Small Steps ePass becomes the first Secure Channel initiative

Before you walk – you crawl. That’s the idea behind one of the federal government’s exercises in secure ESD.

The ePass Canada system was designed to allow citizens to access programs and services through the government’s Secure Channel. Users are given unique electronic credentials to unlock whatever a given department or agency wishes to provide – including the opportunity to conduct e-commerce.

That’s what you might call “walking.” For now, however, the only thing users can do after registering on the system is change their addresses – “crawling.”

While that may not sound like much, to the folks at the Canada Customs and Revenue Agency (CCRA), it’s the beginning of something big.

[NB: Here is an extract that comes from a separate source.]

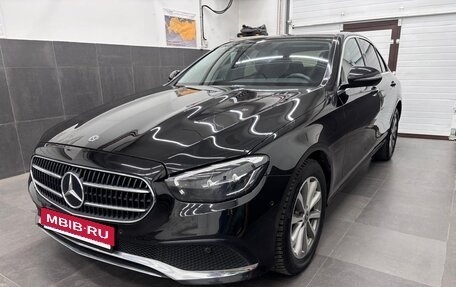 Mercedes-Benz E-Класс, 2020 год, 2 900 000 рублей, 1 фотография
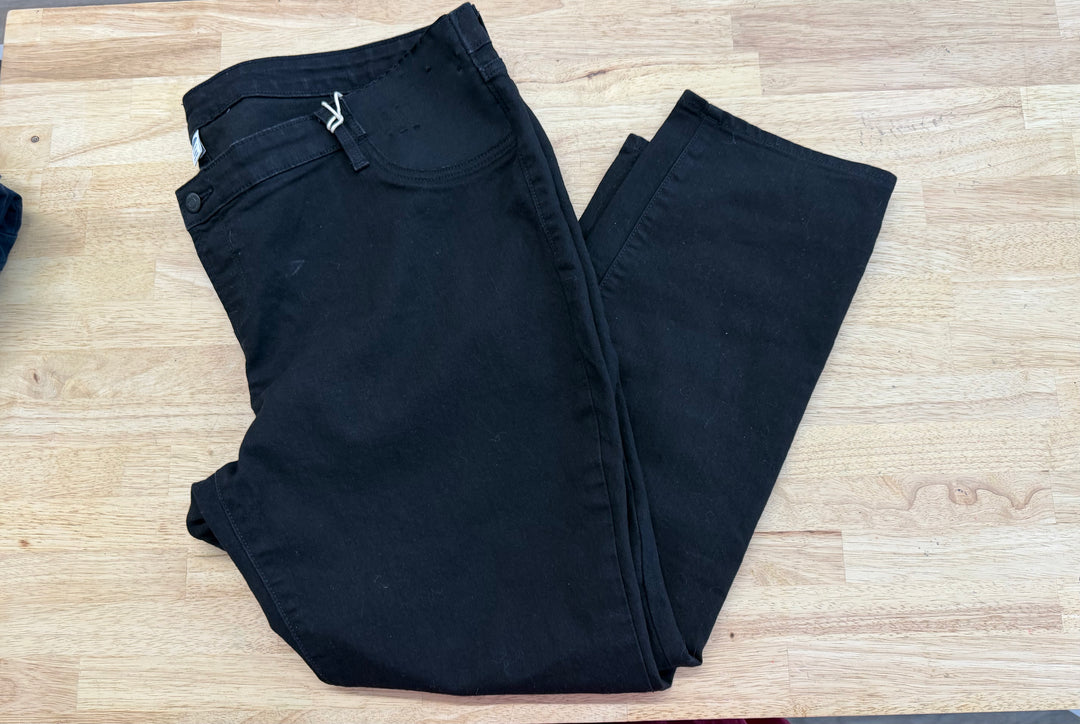 Old Navy Maternity Jeans (Size 20R, Black Side Panel)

“You can understand from our numbers why we are interested in ePass,” said George Arsenijevic, CCRA’s director general of individual returns and payments processing. “When you talk about CCRA, you’re talking about an organization that processes $3 billion annually in revenues, handles over 23 million income tax rerturns and 1.6 million corporate returns, and sends out benefit and credit payments worth over $11 billion to 10 million eligible Canadians.

“We have a high volume of transactions and many are of a routine nature. If we can move them on to our e-commerce channels, obviously there are opportunities to improve service and keep our costs down.”

That’s where ePass Canada comes in. Arsenijevic said many paper-based programs at CCRA could thrive on the Secure Channel.

“The Secure Channel will allow these programs to get involved in e-commerce. It will let clients access their information in a very timely, cost- effective fashion.”

Although it will be some time before every department and agency is running programs and services on the Secure Channel, many citizens feel that the future is now. As of October, 7,000 people had signed up for an ePass. While they can currently only change their home addresses, mailing addresses and phone numbers, they will someday be able to use their ePass for much more.

“It’s been designed in such a way that individuals can be authenticated across government departments and use any of the programs or services the departments offer on the Secure Channel,” said Bruce Handel, director-general of business intelligence decision support and government online directorate at CCRA. “Individuals have a choice of having one ePass for dealing with all government departments, or different ePasses for their dealings with individual departments. It’s the citizen’s choice.”

While the ePass system is still in its infancy, Arsenijevic confirms that it’s operational – certificates are being generated.

“The initiative is technically working,” he said. “This has been a soft launch, and we are working the bugs out. But people are signing up for ePasses and we’re hoping that as additional services come on, more people will pick up on ePass.”